Seilbagger Bauer MC 96 im Doppelschicht-Betrieb
Beauftragt damit wurde Bauer Egypt S.A.E., ein Tochterunternehmen der deutschen Bauer Spezialtiefbau GmbH. Es setzte unter anderem seinen Seilbagger Bauer MC 96 ein. In Doppelschichten liefen an sechs Tagen in der Woche die Spezialtiefbauarbeiten seit November vorigen Jahres. Bis Mai waren 84 der insgesamt 209 nötigen Schlitzwände eingebaut worden.
Für die Gründungsarbeiten der neuen Station in Kairos Stadtteil Gizeh kommen gleich zwei Verfahren zum Einsatz. Da gibt es zum einen die Schlitzwände. Ein Teil von ihnen ist 81 Meter tief und hat eine Stärke von 1,20 Metern. Andere Schlitzwände reichen 47 Meter tief in den Boden und weisen mit 1,50 Metern eine leicht größere Stärke auf.

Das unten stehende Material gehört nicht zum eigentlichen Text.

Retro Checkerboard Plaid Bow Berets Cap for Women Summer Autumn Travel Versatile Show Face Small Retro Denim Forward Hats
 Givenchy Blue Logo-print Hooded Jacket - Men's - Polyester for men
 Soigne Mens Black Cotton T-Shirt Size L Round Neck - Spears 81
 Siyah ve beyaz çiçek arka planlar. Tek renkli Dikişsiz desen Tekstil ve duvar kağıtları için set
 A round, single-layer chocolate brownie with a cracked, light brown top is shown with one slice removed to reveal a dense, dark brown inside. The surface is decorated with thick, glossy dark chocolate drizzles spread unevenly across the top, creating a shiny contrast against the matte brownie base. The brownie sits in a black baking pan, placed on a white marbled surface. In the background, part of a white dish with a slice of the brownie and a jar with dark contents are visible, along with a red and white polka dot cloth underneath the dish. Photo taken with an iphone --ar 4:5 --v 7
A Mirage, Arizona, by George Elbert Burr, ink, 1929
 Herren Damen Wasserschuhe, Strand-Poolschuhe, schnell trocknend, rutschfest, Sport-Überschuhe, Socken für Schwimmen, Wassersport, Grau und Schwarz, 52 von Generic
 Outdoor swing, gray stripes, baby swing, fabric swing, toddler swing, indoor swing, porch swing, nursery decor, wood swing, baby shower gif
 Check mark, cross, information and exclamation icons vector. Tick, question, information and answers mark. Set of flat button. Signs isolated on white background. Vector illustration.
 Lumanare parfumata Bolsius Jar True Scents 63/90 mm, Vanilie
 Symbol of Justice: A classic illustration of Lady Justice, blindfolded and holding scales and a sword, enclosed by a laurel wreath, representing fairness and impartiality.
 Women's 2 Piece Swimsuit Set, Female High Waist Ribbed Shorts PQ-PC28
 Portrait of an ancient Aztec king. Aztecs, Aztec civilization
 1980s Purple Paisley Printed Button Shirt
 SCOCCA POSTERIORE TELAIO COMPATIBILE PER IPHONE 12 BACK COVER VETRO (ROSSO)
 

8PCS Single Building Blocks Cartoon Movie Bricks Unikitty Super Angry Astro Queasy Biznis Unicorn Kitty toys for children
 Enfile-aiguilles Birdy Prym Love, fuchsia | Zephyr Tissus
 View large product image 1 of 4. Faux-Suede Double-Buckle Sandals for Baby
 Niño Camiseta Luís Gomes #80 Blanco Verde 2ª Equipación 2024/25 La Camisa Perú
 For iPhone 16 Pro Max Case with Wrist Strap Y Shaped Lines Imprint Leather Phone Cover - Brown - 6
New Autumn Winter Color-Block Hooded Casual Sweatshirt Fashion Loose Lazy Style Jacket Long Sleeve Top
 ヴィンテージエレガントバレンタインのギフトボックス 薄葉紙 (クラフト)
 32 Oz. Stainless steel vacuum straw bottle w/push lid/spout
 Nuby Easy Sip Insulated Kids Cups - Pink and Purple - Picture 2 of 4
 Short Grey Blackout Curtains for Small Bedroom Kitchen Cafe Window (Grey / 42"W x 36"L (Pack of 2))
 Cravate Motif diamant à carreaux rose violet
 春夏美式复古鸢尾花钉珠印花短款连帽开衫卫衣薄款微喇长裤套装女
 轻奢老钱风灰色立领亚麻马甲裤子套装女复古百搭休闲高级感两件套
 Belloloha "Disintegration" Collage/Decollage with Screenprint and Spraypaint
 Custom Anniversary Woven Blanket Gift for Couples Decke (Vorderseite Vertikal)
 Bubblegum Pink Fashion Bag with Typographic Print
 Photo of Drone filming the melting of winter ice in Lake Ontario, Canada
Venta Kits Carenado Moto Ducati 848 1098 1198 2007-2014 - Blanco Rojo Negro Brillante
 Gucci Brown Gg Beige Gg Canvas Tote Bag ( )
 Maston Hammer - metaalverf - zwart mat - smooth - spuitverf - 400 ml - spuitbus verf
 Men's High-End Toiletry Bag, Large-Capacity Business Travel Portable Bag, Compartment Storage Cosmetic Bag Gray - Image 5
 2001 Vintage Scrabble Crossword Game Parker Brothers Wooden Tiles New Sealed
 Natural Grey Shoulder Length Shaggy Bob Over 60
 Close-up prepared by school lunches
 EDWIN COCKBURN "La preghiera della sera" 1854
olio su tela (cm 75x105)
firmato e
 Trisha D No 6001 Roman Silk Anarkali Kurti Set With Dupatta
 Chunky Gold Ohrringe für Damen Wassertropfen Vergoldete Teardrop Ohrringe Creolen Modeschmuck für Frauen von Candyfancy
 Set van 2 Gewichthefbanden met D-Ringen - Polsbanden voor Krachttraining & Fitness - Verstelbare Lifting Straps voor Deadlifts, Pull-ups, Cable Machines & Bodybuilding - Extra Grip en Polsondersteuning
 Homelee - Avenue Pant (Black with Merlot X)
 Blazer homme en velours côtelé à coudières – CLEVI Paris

Zum anderen werden sogenannte Barrettes eingesetzt. Bei ihnen handelt es sich um Tiefgründungs-Elemente, die höhere Lasten tragen können – im Fall der Gizeh-Station bis zu 3.600 Tonnen, wie das Einbauunternehmen berichtet. Die Barrettes kommen dafür 81 beziehungsweise 35 Meter tief in den Boden – bei gleichem Durchmesser wie die „normalen“ Schlitzwände.
U-Bahn-Station erstreckt sich über Fläche von 5.543 m²
Nach Abschluss der Arbeiten wird sich die Gesamtfläche der Station über rund 5.543 Quadratmeter erstrecken. „Bei dieser Größenordnung und Tiefe gibt es keine Toleranz für Abweichungen – da zählt jeder Zentimeter“, erklärt Karim Galal, Projektleiter bei Bauer Egypt. Umgesetzt wird das Vorhaben mit dem „Bauer Construction Process“. Er umspannt den gesamten Projektzyklus mit Beginn der Vertragsphase, die Steuerung und Überwachung bis zur kompletten Fertigstellung. „Das Verfahren gibt uns eine klare Struktur und Orientierung“, erzählt Galal. Alle Projektbeteiligten arbeiten nach denselben Standards.
Der Bau der Gizeh-Station erfordert Präzision in der Tiefe und ein Höchstmaß an logistischer Koordination. Bestimmte Bereiche der Baustelle werden noch bis November 2025 vom Auftragnehmer genutzt, um einen bestehenden Tunnel zu verfüllen. Diese Maßnahme ist notwendig, damit die Schlitzwandboxen Drei und Vier im Hauptbahnhof ausgehoben werden können.
Bauarbeiten auf engstem Raum und unter enormem Zeitdruck
Die Bauarbeiten erfolgen dabei in mehreren Phasen. „Wir arbeiten hier unter Bedingungen, die alles andere als alltäglich sind – auf engstem Raum und unter enormem Zeitdruck“, so Galal. Nicht zuletzt muss auch das Arbeiten der beiden Bohrmaschinen übereinander mitbeachtet werden – einer Tunnel-Methode, die bislang in Ägypten noch nicht angewandt worden ist.
„Die Logistik, die Tiefe und die ständige Koordination mit anderen Gewerken stellen uns täglich vor neue Herausforderungen, aber genau das macht dieses Projekt so besonders“, betont Galal. Der geplanten Fertigstellung der Spezialtiefbauarbeiten stand bis Mitte des Jahres nichts im Weg.